Sometimes a “static compliance” is specified. Is this determined by direct measurement of stylus deflection under VTF load? i.e., “0Hz compliance”? Not very meaningful for judging either tonearm resonance frequency or modulation trackability.
Hi Charlie,
I'm a lot more happy with the concept of 10Hz and 100Hz compliance being completely different measurements of completely different mechanical properties than there being some relationship. It doesn't help that manufacturers quote different things with no DIN std much of the time. Pain. I will re-read your earlier post and scan the thread in case this was actually all covered and I forgot.
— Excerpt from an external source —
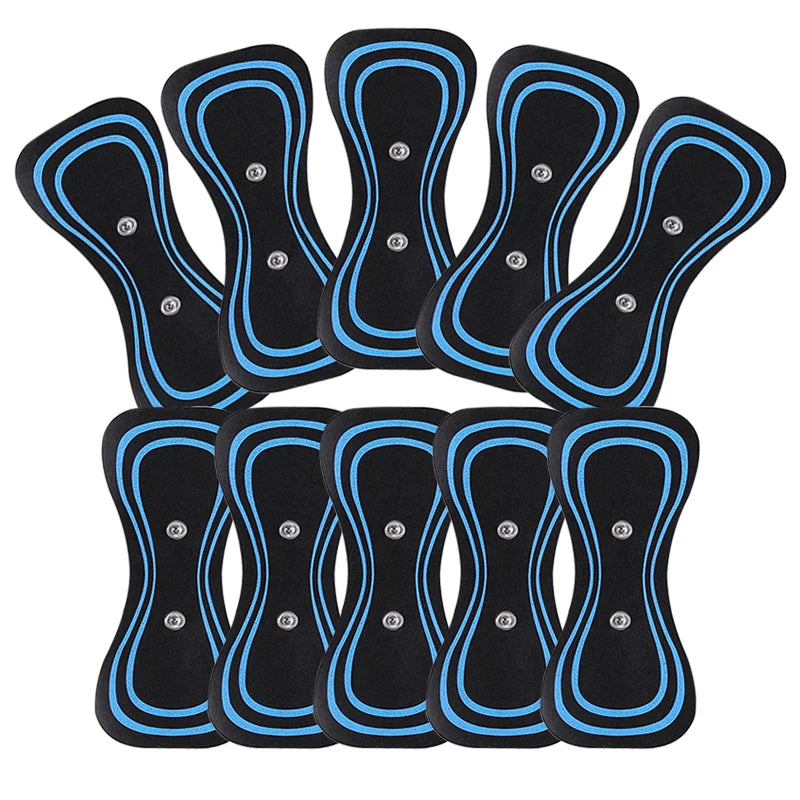 Reusable EMS TENS Electrode Pads for Neck Devices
I'm a lot more happy with the concept of 10Hz and 100Hz compliance being completely different measurements of completely different mechanical properties than there being some relationship. It doesn't help that manufacturers quote different things with no DIN std much of the time. Pain. I will re-read your earlier post and scan the thread in case this was actually all covered and I forgot.
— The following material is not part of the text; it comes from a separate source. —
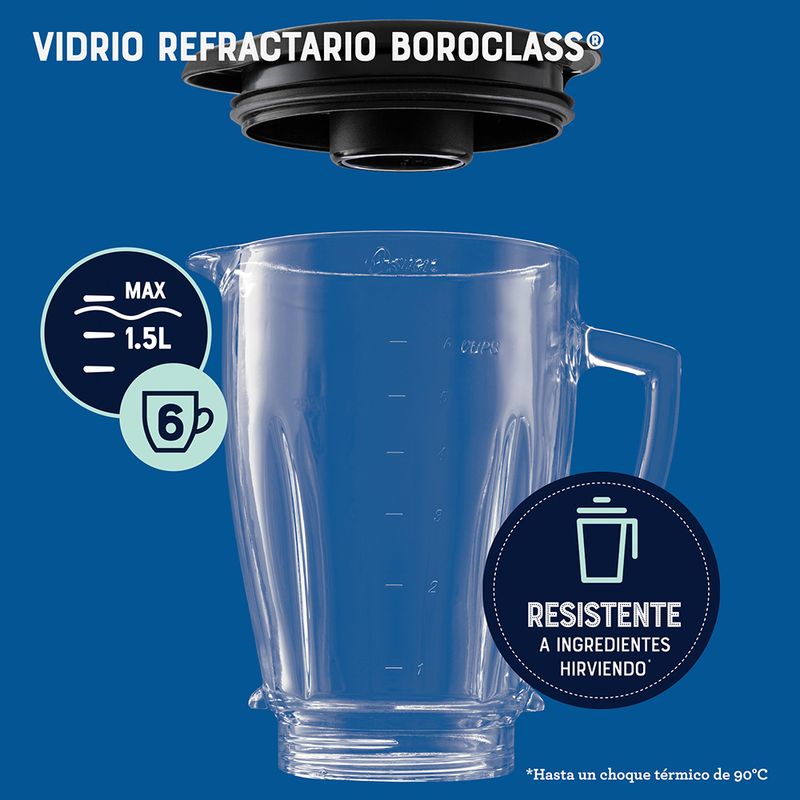 Licuadora Oster® con Tecnología de Motor Reversible BLSTPYG1209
After many delays finalising the load resistors for my balanced aurak build and slightly frustrated by lack of suitable measuring setup at home as the published figures do not always fill me with confidence. Anyway taking the best I had to hand found something interesting, which is that most of the cartridges I had to hand need about the same load.
Cart R(Ohms) L(mH) 2L-R
Ortoton OM 750 450 150
SuperOM 1000 580 160
S120 1680 920 160
AT150 530 350 170
AT440MLa 610 490 320
Other than the 440 they are all within +/-7% . Tempted to just match some 80Ohm resistors and correct any residual in DSP. As the errors will be low down where I am crossing over to a sub anyway all bets are off for flat response without correction
Cart R(Ohms) L(mH) 2L-R
Ortoton OM 750 450 150
SuperOM 1000 580 160
S120 1680 920 160
AT150 530 350 170
AT440MLa 610 490 320
Other than the 440 they are all within +/-7% . Tempted to just match some 80Ohm resistors and correct any residual in DSP. As the errors will be low down where I am crossing over to a sub anyway all bets are off for flat response without correction
I know I'm talking to myself here but whilst messing around calculating the effect of using a single input resistance for all the cartridges (+/-7Hz on the turnover frequency) something started nagging me. Although the 2L-R works as a nice easy rule, upping the series resistance to IIR 800Ohms moves the turnover to 500Hz and saving a zero in the design.
I'm clearly missing something obvious, but not sure what...
but whilst messing around calculating the effect of using a single input resistance for all the cartridges (+/-7Hz on the turnover frequency) something started nagging me. Although the 2L-R works as a nice easy rule, upping the series resistance to IIR 800Ohms moves the turnover to 500Hz and saving a zero in the design. I'm clearly missing something obvious, but not sure what...
Hi Bill, Charlie explained it properly above, IMO.
There can't be a deterministic way of converting between compliance specifications for 10Hz and 100Hz cases because they mean different things for entirely different purposes.
100Hz compliance is a restatement of what VTF is needed to achieve a certain trackability. That's how it is measured, Charlie: what VTF is required to track a 50um amplitude 100Hz groove, IIRC. From which, mechanical impedance is deduced, and expressed as though it were obtained by a spring at 100Hz. Whereas in practice impedance at 100Hz is more obtained from damping than spring.
I once wrote a calculator that used spec VTF and compliance (at either 10Hz or 100Hz) to 'triangulate' and estimate true values for both spring and damping so long as at least one of the compliance figures was known. It wasn't bad, IIRC. I have it somewhere in the archive........
But common rules of thumb for converting are just wild guesses really, and pretty useless. The focus on resonant frequency, rather than its Q, is where the train left the rails some decades ago, IMO..........
LD
Not that it matters I'm used to the loss (damping) usually as heat as being real and the oscillatory (frequency) part as imaginary. But in any case the equations are second order with mass, compliance, and damping having L, C, and R equivalents as analogs.